Is this argument correct? A Porsche is a fast car. Dan's car is not a Porsche. Therefore, Dan's car is not fast. Let P(x) be a Porsche Let C(x) be a fast car Let x be Dan $$P(x) \rightarrow C(x) :premise$$ $$\neg P(x) :premise$$ $$\equiv C(x) :False\rightarrow anything = False$$ $$or$$ $$\equiv \neg C(x) : Modus Pollens$$

We need for $C(x)$ to denote the car $x$ is a _fast_ car.

I'm not clear what you're trying to conclude, but we cannot conclude $\lnot C$. We cannot conclude anything about how fast Dan's car only from the knowledge that his car is _not a Porche._

We know Porches are fast, but other makes and models may also be fast, perhaps faster! And Dan may have a fast, "non-Porche" car.

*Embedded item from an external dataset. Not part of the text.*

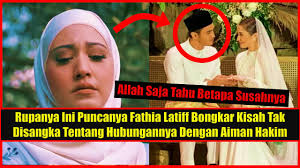 Fathia latiff datang ke studio h live! Rupanya Ini Puncanya Fathia Latiff Bongkar Kisah Tak Disangka Tentang Hubungannya Dengan Aiman Hakim Youtube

In general: From $$P \rightarrow Q$$ $$\lnot P$$ we **cannot** conclude $\lnot Q$. That's a fallacy in reasoning: sometimes called "denying the antecedent".

The error is that:

* It's a misapplication of modus ponens, which tells us that $$P\rightarrow Q$$ $$P$$ $$\therefore Q$$
* or a misapplication of modus tollens which tells us that $$P \rightarrow Q$$ $$\lnot Q$$ $$\therefore \lnot P$$